I also look back and accept that what he said that day was not far off the mark, except for one thing. Both men and women cheat.
As much as we all feel hopeful and full of love on the day we marry our spouse, it’s a long life full of change and dare I say, opportunity. Even though we all say ‘forever’, it is the most overused, under-proven word on the planet. How can one ever really know what happens forever?
I once met a couple who had been married for over forty years and I asked them what the secret to a successful marriage was. This slim old lady leaned over and placed her soft palm on my shoulder. “One word: respect,” she’d said, patting me like she had just given me life’s secret to happiness.

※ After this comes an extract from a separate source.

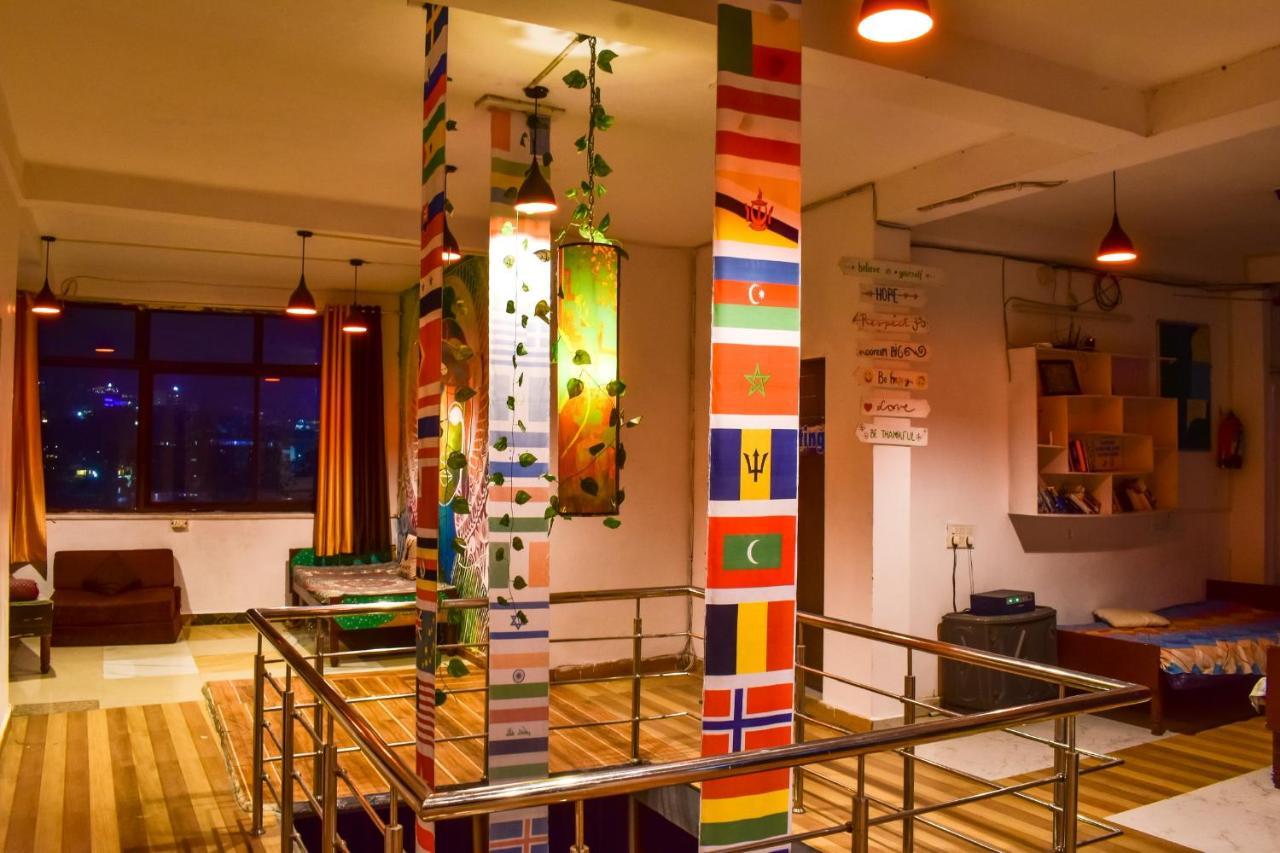 Hostel Skyard Rishikesh, Laxman Jhula Zewnętrze zdjęcie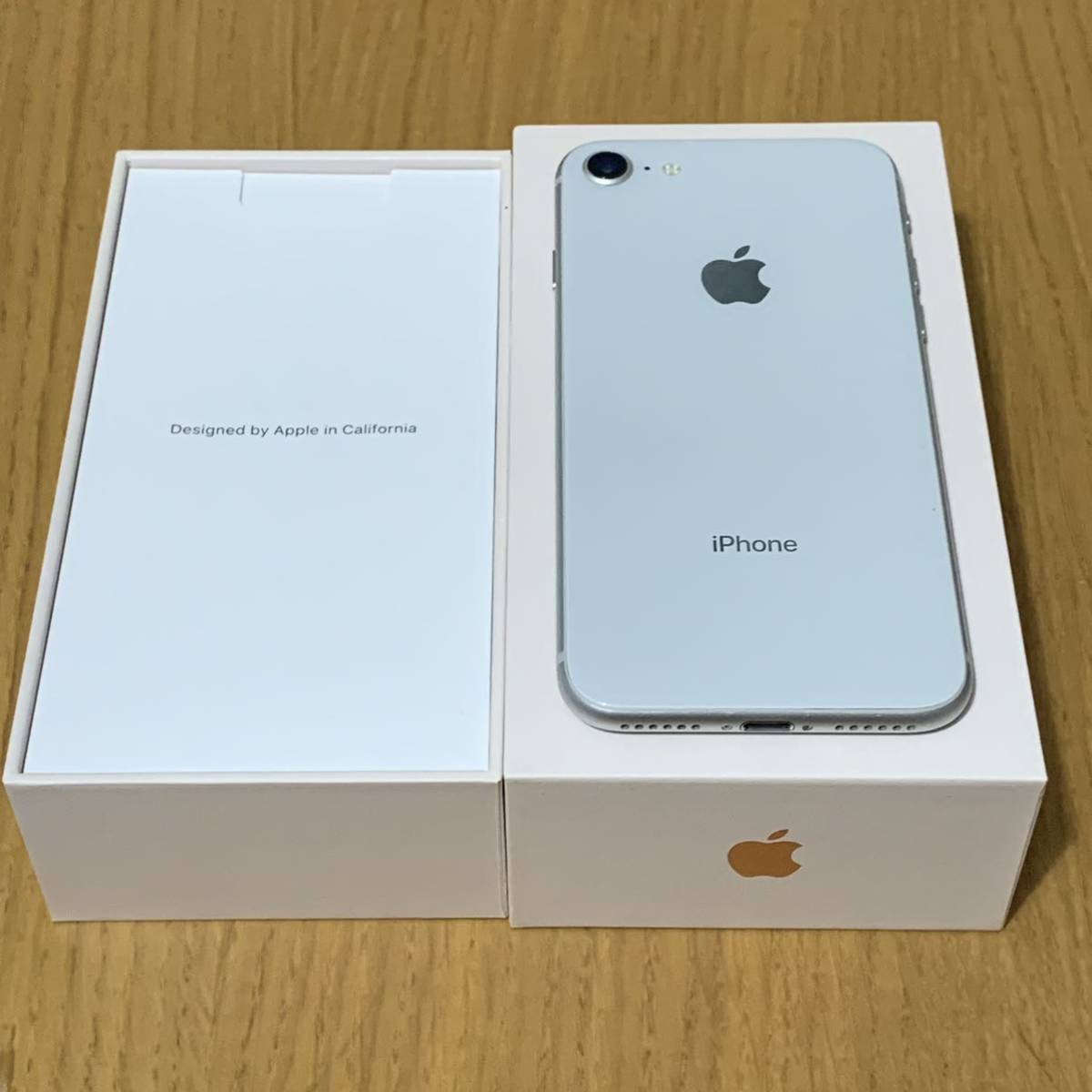 良品 iPhone 8 256gb SIMロック解除済み SIMフリー シルバー 技適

I nodded my head, contemplating this elusive word and what it would mean to my future husband, whom I hadn’t yet met.
This is a good idea, respect. I like it. But you see, life gets in the way. Thoughts and reactions do too. Passions, desires and innate patterns kick aside the intentions of everyday respect. It’s sad, but true. We all carry around with us past annoyances and pain and who better to activate the very core of each and every one of them than our partners.
Day-to-day life, mundane crap, kids yelling and hardly ever really being alone with our partners all lead to a tricky place in which we either unconsciously or consciously stop respecting our partners over the years.
I see it all the time with couples that I know, men and women squabbling on the street—I guess in my own house too. There is a tone of voice used, a quip. It is what comes out of familiarity, evolving as time together increases.
My husband recently told me that it wasn’t about what I said; it was about how I said it. My immediate response was to want to call him sensitive—that he was taking it all too personally. I’m not harsh or spicy; I’m just a passionate person with a voice that gets a few notches louder when I’m really feeling something.
But I realized that it didn’t matter what I thought in that moment. People don’t pull hurt out of nowhere, especially men. If he thinks I’m saying something with an edge, then regardless of what I intended, it’s the way I’m making him feel that is creating the issue.
And if you’re the type of person who while in the middle of a fight can take a moment and think:
“Oh, he has good intentions here. He is not trying to win or be right. He’s hurt and he’s trying to tell me that. I should take a moment to respect that….”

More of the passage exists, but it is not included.